» RECORDS PROVIDED
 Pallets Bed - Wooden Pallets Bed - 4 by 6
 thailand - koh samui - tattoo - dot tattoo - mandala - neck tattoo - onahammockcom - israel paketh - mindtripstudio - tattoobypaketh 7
--
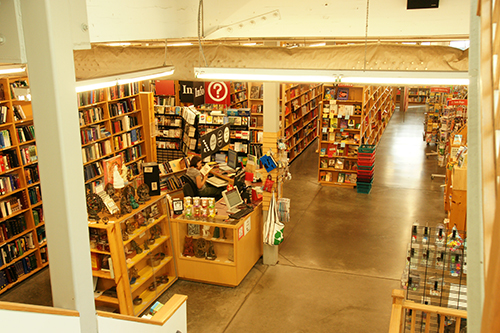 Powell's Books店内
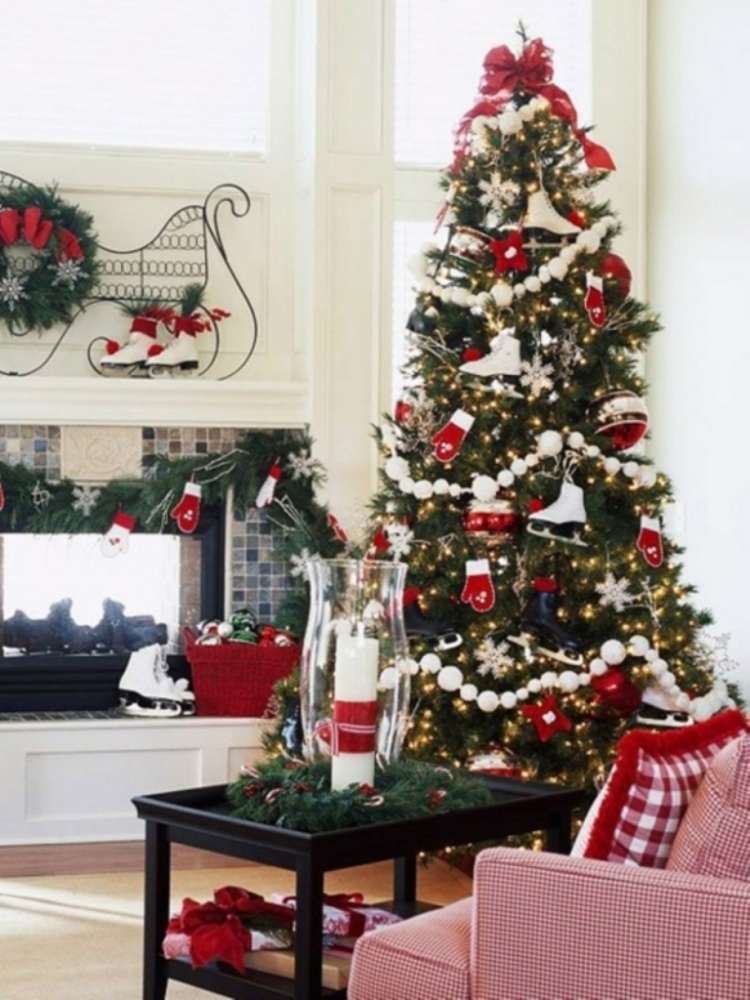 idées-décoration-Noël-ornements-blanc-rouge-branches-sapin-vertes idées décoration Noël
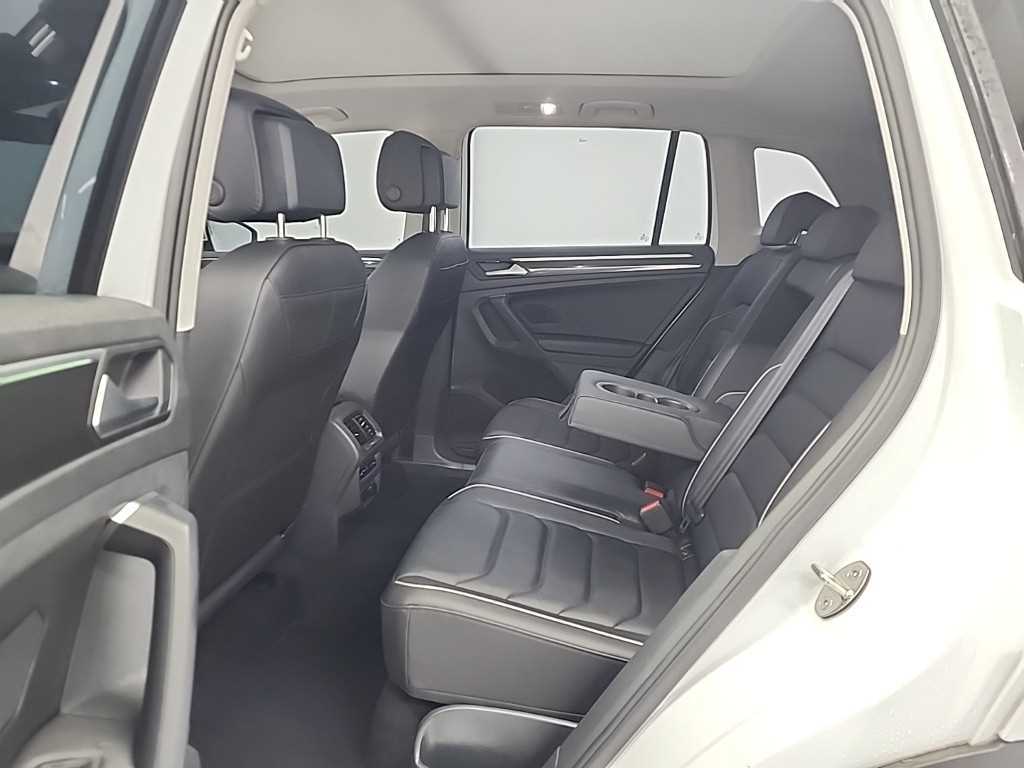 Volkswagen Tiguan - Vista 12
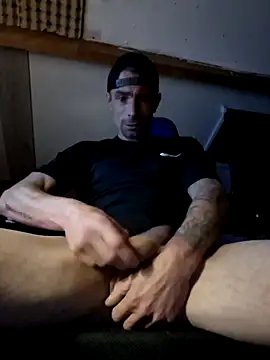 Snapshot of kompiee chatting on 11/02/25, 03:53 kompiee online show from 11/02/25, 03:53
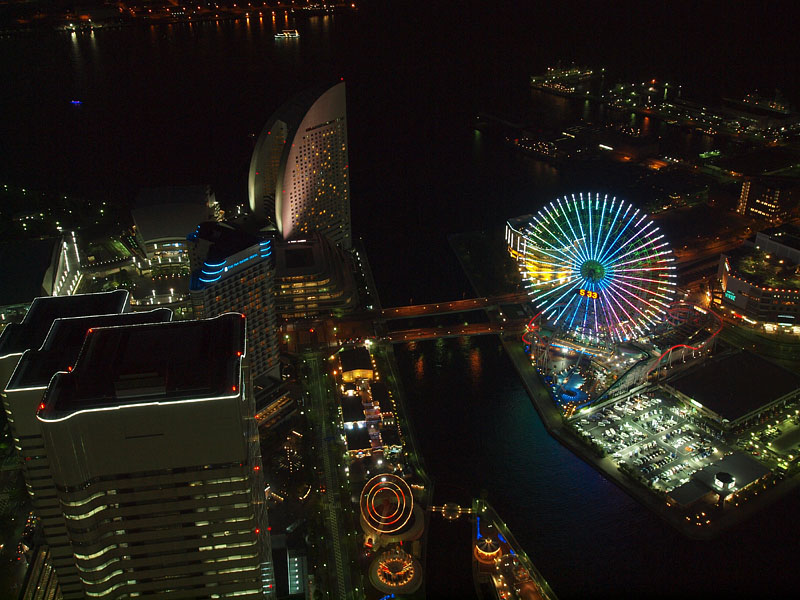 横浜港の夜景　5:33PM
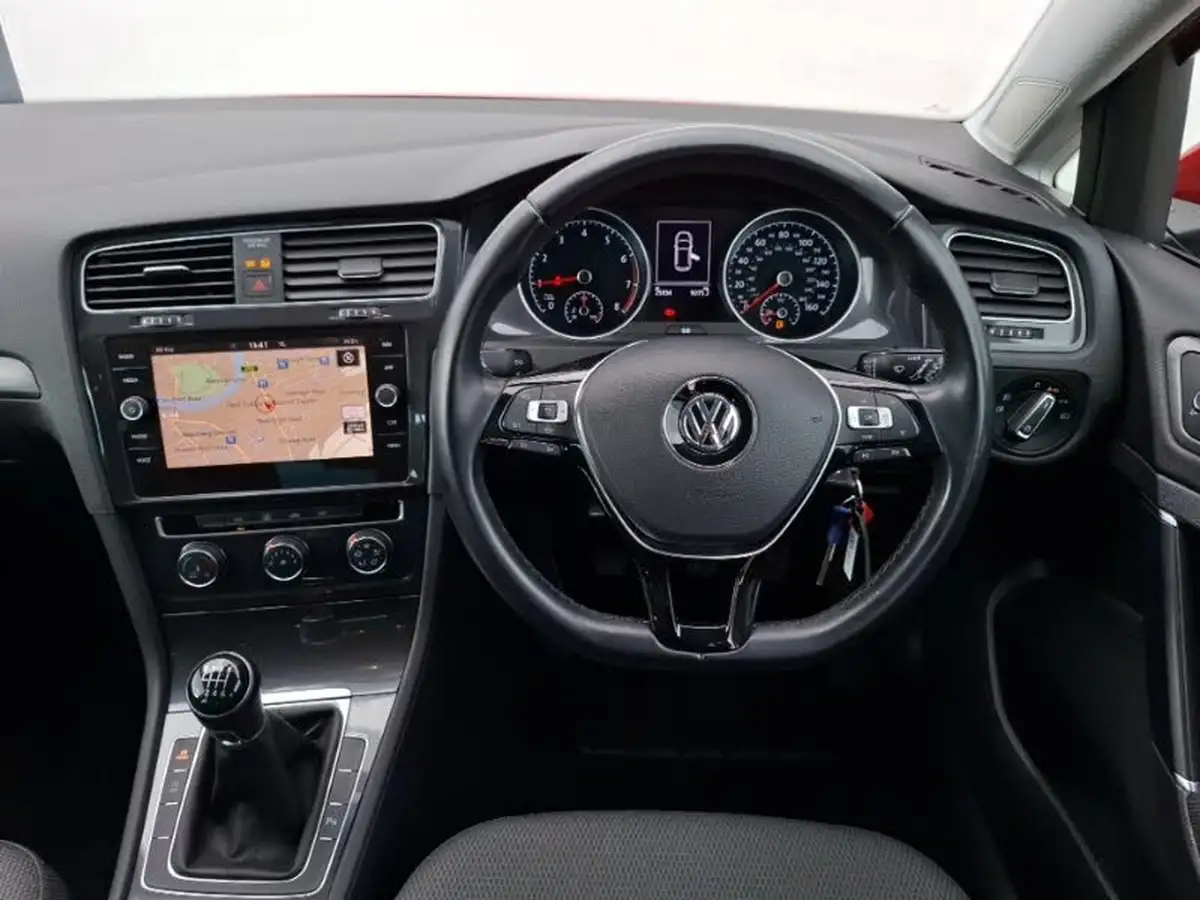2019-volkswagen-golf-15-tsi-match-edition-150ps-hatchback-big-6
---
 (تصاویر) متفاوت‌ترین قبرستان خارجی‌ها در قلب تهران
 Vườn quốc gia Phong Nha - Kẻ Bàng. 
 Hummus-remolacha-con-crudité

» WHAT IS REQUIRED
Return the lines above from the one with "Snapshot of kompiee" through the one with "2019-volkswagen-golf-15-tsi-match-edition-150ps-hatchback-big-6", verbatim and nothing else. Omit every picture.

» ANSWER TO THIS EXERCISE
 Snapshot of kompiee chatting on 11/02/25, 03:53 kompiee online show from 11/02/25, 03:53
 横浜港の夜景　5:33PM
2019-volkswagen-golf-15-tsi-match-edition-150ps-hatchback-big-6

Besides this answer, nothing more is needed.